661,440 daily streams and $1.2 million annual figure verified
The DOJ press release and underlying charging documents confirm prosecutors calculated Smith could generate approximately 661,440 automated streams per day, yielding roughly $1,207,128 per year, matching the tweet's specific data points almost exactly.
Guilty plea confirms $8 million figure
Smith's March 19, 2026, guilty plea states he admitted his scheme yielded more than $8 million in royalties and he agreed to forfeit $8,091,843.64, supporting the tweet's claim that he walked away with $8 million.
First-ever criminal streaming fraud case confirmed
Multiple DOJ statements and major reporting from outlets including TechSpot and Ars Technica describe this as the first federal criminal case involving streaming fraud, confirming the tweet's characterization.

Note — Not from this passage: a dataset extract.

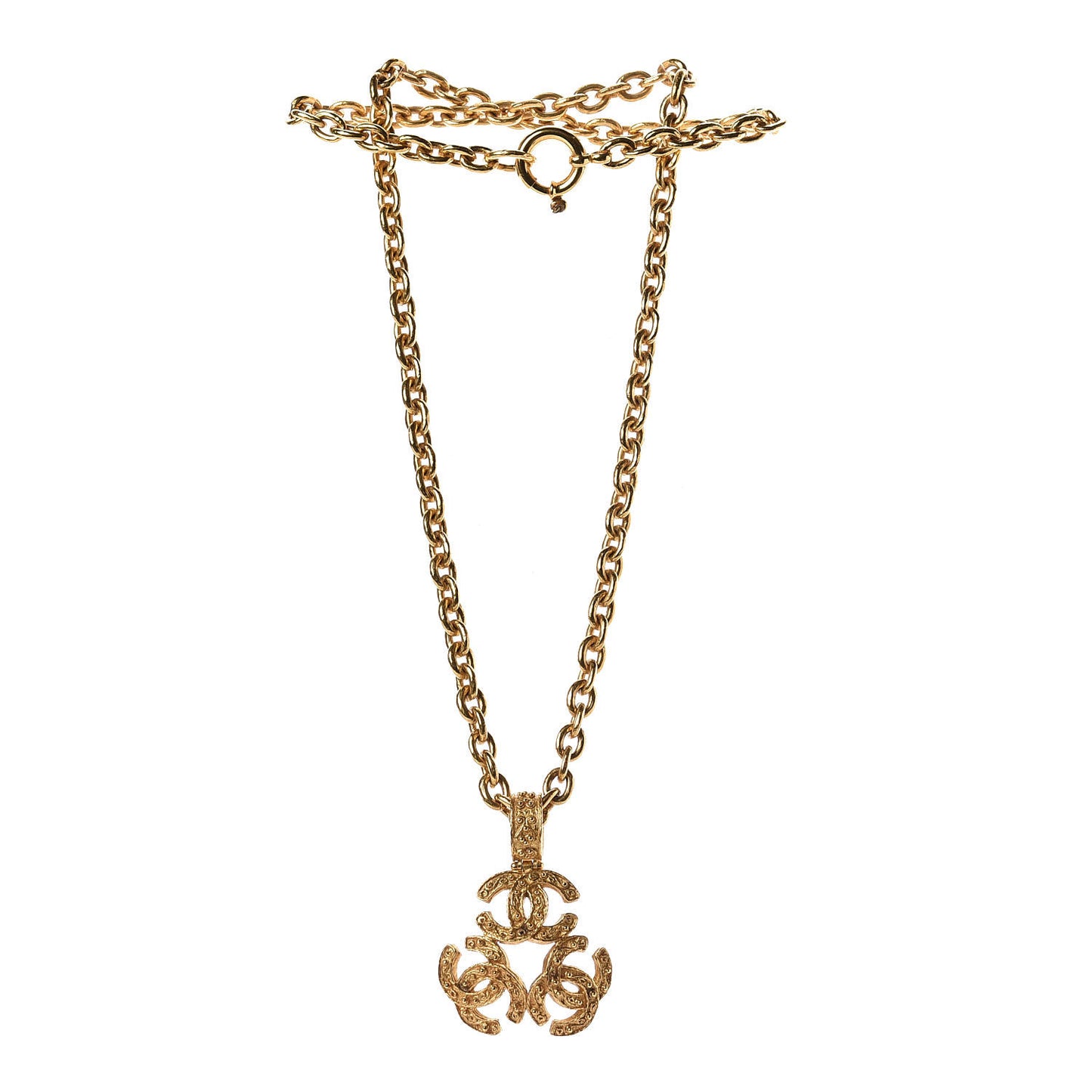 Triple CC Chain Necklace Gold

Industry detection corroborates the scale
The Mechanical Licensing Collective identified irregularities in Smith's streaming activity and withheld mechanical royalty payments prior to the indictment, as reported by Digital Music News, supporting the claim that the scheme operated at a scale significant enough to draw institutional attention.
Contradicting Evidence
The total amount differs between indictment and plea
The tweet states Smith walked away with $8 million, but the original indictment alleged more than $10 million in fraudulently obtained royalties. The $8 million figure comes from the later guilty plea and forfeiture agreement of $8,091,843.64, meaning the actual amount is contested between the initial allegation and the admitted figure.
Spotify claims its exposure was only about $60,000
Spotify told reporters that its fraud-prevention systems limited its payouts in this case to roughly $60,000 of the total alleged figure, significantly nuancing the implication that all major platforms were equally defrauded at scale.
Smith's boasted figures remain unproven
The indictment cites an email in which Smith allegedly claimed over 4 billion streams and $12 million in royalties since 2019, but this is an unverified self-reported boast rather than a government-proved figure, and the admitted amount at plea was substantially lower.
Charges were significantly reduced at plea
The original indictment included three counts including wire fraud, wire fraud conspiracy, and money-laundering conspiracy, but Smith ultimately pleaded guilty to only one count of conspiracy to commit wire fraud, suggesting the government's full case may have been more complex than the tweet implies.
The tweet says he is paying back $8 million but sentencing has not occurred
While Smith agreed to forfeit $8,091,843.64, sentencing is not scheduled until July 29, 2026, meaning the full resolution of the case including restitution and potential prison time remains pending and incomplete.